**PROBLEM TO SOLVE**
Return exactly the lines below, starting with the one that has "SOCCER - CL, Bayern" and going on through the one that has "A modern living".

**SOURCE MATERIAL**
────────────────────────────────────────

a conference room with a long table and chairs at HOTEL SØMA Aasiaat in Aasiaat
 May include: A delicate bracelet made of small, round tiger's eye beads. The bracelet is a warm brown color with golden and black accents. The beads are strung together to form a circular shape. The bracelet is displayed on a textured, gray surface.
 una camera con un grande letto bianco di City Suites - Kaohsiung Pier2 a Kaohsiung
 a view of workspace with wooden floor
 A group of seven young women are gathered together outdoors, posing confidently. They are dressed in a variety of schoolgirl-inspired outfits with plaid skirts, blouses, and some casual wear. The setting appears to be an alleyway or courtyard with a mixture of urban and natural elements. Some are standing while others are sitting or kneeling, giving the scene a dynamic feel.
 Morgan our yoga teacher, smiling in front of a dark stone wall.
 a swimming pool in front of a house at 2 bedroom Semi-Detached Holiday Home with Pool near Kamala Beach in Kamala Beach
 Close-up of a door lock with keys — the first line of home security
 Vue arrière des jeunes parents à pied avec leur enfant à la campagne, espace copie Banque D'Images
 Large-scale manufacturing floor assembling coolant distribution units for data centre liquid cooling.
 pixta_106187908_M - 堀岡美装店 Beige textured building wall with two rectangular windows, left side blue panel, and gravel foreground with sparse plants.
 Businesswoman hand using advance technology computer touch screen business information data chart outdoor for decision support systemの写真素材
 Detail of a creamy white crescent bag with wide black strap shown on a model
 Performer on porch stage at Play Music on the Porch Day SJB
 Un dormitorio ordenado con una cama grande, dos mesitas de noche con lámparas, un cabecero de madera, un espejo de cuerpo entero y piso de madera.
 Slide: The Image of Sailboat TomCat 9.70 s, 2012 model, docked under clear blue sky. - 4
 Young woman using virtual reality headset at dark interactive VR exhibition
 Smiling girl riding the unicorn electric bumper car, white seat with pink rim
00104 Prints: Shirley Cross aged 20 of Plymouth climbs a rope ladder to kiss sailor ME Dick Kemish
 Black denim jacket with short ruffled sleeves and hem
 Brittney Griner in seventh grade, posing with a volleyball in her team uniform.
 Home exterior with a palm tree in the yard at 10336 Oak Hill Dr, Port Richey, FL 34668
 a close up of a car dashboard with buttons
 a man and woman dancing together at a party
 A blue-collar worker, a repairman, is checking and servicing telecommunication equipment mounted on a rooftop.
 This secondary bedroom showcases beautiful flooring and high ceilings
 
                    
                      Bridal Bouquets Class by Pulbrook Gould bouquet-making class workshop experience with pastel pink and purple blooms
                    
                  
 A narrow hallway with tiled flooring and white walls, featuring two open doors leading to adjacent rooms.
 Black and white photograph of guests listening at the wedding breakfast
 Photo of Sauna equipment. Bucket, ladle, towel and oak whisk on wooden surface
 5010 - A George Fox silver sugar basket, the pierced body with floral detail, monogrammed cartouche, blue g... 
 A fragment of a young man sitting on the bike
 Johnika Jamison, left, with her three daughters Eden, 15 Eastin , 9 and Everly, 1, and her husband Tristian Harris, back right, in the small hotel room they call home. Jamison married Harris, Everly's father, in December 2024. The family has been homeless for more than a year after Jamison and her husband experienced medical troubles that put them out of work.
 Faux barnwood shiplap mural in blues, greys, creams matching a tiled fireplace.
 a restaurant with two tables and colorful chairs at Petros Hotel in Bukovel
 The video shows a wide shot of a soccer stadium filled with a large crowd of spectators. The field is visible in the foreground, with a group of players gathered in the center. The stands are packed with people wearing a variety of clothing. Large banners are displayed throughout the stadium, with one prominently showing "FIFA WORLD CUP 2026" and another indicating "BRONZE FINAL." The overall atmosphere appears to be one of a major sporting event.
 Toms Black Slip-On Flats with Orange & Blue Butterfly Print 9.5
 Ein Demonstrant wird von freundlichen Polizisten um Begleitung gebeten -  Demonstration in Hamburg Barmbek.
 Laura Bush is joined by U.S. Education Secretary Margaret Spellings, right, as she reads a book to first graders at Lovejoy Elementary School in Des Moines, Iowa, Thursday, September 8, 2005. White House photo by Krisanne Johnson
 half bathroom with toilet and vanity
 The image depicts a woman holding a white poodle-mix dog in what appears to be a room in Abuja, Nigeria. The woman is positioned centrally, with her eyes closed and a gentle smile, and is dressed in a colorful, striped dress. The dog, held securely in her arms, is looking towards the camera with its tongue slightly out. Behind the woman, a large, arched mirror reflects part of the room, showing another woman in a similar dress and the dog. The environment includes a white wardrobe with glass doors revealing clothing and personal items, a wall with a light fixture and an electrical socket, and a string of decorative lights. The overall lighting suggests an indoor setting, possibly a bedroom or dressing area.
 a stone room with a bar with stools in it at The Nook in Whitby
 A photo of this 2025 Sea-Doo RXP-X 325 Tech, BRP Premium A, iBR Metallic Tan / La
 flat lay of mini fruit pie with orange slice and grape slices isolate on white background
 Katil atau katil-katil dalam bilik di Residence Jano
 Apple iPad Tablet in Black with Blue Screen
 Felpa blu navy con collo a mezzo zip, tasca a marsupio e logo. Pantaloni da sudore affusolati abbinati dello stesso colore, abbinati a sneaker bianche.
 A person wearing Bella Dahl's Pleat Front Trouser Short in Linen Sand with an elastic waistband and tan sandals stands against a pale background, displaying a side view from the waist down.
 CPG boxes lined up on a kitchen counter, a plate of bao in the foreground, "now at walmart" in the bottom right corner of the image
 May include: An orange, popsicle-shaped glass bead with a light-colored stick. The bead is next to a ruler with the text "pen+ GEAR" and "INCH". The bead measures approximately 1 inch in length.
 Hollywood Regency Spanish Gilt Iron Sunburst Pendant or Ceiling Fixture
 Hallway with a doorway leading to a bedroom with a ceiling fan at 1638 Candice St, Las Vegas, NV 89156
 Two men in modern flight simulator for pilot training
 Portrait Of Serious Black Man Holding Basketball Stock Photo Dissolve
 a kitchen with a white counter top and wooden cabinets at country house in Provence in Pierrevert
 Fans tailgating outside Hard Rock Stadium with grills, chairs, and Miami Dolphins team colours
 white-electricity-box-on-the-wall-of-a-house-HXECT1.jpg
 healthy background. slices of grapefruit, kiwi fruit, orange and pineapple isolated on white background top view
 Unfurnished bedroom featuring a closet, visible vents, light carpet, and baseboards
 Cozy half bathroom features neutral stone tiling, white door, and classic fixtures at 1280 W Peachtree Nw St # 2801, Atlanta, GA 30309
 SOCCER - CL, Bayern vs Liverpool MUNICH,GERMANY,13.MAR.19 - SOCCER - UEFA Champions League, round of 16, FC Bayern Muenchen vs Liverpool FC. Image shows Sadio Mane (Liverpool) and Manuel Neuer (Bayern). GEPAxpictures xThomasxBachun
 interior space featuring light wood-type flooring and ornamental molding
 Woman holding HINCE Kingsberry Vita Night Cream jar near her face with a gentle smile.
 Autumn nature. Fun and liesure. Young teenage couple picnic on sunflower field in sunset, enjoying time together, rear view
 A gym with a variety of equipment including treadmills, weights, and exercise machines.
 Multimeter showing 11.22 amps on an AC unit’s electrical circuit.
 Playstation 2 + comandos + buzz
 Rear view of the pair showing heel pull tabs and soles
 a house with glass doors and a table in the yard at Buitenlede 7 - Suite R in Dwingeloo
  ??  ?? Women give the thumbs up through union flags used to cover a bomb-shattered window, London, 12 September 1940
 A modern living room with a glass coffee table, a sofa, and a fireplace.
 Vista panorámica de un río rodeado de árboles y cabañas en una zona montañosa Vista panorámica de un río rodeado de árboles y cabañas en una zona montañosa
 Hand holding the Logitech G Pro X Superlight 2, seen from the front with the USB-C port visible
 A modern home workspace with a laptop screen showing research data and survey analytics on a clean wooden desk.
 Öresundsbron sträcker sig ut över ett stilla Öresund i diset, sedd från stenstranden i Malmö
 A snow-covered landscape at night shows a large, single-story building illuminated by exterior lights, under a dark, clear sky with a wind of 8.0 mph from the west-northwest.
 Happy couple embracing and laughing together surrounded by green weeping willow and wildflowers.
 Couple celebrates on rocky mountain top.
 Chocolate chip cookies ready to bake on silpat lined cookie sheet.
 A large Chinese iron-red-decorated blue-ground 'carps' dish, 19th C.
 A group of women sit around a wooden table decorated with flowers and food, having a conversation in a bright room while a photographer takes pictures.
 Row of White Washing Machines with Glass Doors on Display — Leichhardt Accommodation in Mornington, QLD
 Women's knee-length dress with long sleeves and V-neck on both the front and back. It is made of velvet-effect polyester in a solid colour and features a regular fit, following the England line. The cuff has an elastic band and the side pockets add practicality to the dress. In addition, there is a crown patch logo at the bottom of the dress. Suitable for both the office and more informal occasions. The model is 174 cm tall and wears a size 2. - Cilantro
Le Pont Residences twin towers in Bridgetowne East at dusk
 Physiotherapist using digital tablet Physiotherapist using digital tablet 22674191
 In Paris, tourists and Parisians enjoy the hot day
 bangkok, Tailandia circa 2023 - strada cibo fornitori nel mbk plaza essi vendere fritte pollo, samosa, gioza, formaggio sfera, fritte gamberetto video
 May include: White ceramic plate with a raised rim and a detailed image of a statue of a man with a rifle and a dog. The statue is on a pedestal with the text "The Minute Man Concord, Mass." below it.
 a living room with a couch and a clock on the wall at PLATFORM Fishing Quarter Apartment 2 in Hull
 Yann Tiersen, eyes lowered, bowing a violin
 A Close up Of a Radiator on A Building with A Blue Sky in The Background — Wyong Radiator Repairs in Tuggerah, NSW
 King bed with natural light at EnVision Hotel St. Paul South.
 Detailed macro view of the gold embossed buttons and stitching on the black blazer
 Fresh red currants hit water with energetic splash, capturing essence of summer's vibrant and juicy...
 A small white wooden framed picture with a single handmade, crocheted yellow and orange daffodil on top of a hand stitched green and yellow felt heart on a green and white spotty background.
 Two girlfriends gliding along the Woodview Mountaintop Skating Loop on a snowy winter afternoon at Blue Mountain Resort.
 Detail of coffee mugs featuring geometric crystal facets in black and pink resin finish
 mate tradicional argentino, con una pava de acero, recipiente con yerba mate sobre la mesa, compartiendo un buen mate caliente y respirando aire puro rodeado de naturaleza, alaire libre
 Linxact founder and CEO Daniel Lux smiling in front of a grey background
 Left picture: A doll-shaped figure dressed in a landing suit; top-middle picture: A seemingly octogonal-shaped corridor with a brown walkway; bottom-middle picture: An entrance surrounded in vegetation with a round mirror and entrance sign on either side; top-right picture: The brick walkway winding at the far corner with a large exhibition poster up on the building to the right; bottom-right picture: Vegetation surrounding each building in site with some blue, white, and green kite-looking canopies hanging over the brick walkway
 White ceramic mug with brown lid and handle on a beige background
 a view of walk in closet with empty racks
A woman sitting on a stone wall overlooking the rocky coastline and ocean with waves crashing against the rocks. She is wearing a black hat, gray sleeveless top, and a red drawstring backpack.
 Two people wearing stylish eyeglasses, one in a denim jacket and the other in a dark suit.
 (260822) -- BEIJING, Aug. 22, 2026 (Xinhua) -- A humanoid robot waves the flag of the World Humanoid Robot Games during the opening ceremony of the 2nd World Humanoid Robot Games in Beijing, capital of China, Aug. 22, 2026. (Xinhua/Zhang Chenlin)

────────────────────────────────────────

**RESPONSE**
 SOCCER - CL, Bayern vs Liverpool MUNICH,GERMANY,13.MAR.19 - SOCCER - UEFA Champions League, round of 16, FC Bayern Muenchen vs Liverpool FC. Image shows Sadio Mane (Liverpool) and Manuel Neuer (Bayern). GEPAxpictures xThomasxBachun
 interior space featuring light wood-type flooring and ornamental molding
 Woman holding HINCE Kingsberry Vita Night Cream jar near her face with a gentle smile.
 Autumn nature. Fun and liesure. Young teenage couple picnic on sunflower field in sunset, enjoying time together, rear view
 A gym with a variety of equipment including treadmills, weights, and exercise machines.
 Multimeter showing 11.22 amps on an AC unit’s electrical circuit.
 Playstation 2 + comandos + buzz
 Rear view of the pair showing heel pull tabs and soles
 a house with glass doors and a table in the yard at Buitenlede 7 - Suite R in Dwingeloo
  ??  ?? Women give the thumbs up through union flags used to cover a bomb-shattered window, London, 12 September 1940
 A modern living room with a glass coffee table, a sofa, and a fireplace.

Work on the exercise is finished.